Is there a difference between a Promissory note and a Mortgage?

Promissory notes and mortgage notes, these two terms have been thrown around for years, sometimes even used interchangeably.  This is especially true when it comes to buying a house.   Is there a difference between a mortgage note and a promissory note?  If so, do you know what it is and does it matter?

Yes, there is a difference between a mortgage and a promissory note.  The mortgage, also known as a deed of trust, is the document that provides the security for the loan.  The promissory note is the actual binding document with the promise to pay back the loan. Each document should contain some items to be considered a promissory note or a mortgage.

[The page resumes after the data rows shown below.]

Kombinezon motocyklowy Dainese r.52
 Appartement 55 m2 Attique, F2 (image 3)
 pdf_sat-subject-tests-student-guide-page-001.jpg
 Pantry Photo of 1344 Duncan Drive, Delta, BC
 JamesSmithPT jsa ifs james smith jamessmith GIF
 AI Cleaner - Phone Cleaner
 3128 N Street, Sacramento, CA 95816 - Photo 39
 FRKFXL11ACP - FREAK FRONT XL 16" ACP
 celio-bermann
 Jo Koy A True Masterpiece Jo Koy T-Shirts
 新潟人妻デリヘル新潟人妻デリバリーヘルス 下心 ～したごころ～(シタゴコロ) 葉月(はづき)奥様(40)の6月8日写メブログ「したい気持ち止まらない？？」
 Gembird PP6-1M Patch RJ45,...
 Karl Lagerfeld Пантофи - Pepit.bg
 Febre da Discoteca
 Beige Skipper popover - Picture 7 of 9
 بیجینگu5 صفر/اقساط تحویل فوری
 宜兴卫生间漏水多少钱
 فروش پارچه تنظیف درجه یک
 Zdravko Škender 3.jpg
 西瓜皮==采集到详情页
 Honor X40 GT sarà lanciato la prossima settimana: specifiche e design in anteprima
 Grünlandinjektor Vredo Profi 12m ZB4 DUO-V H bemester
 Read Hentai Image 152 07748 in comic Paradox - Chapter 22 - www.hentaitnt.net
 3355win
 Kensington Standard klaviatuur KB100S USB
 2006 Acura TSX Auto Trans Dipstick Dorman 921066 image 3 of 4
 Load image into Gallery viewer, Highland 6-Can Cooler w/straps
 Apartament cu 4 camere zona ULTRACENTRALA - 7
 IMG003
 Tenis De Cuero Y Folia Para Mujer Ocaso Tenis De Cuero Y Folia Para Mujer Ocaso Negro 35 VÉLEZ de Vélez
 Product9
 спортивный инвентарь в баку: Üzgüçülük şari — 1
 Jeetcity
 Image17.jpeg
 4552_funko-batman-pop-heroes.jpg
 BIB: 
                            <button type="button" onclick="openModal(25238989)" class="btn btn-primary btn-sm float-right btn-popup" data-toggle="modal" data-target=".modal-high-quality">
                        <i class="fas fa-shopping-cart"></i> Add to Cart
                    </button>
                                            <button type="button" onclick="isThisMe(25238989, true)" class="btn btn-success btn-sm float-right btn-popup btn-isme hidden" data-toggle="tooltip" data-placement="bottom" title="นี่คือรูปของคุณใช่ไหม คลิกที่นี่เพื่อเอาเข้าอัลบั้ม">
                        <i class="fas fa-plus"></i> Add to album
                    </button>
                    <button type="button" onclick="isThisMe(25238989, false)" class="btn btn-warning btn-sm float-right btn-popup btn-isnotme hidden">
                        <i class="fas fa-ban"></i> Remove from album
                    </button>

The promissory note must include the name of the borrower, the address of the property (if applicable), the interest rate, either fixed or adjustable, the amount of the loan, the term or number of years of the loan, and a late charge amount.  It will include both the lender’s and borrowers rights and responsibilities.  This document is not recorded in the county land records.  Think of this like the pink slip when selling a car. The lender is the one who holds the promissory note during the time the loan is outstanding. When the loan is fully paid off, the note is then given to the borrower like a pink slip is given to the fully paid off owner of a car. Promissory notes can be used for a variety of loans such as commercial loans, student loans, bank loans, and real estate loans.  It does not have to be tied to a physical piece of property.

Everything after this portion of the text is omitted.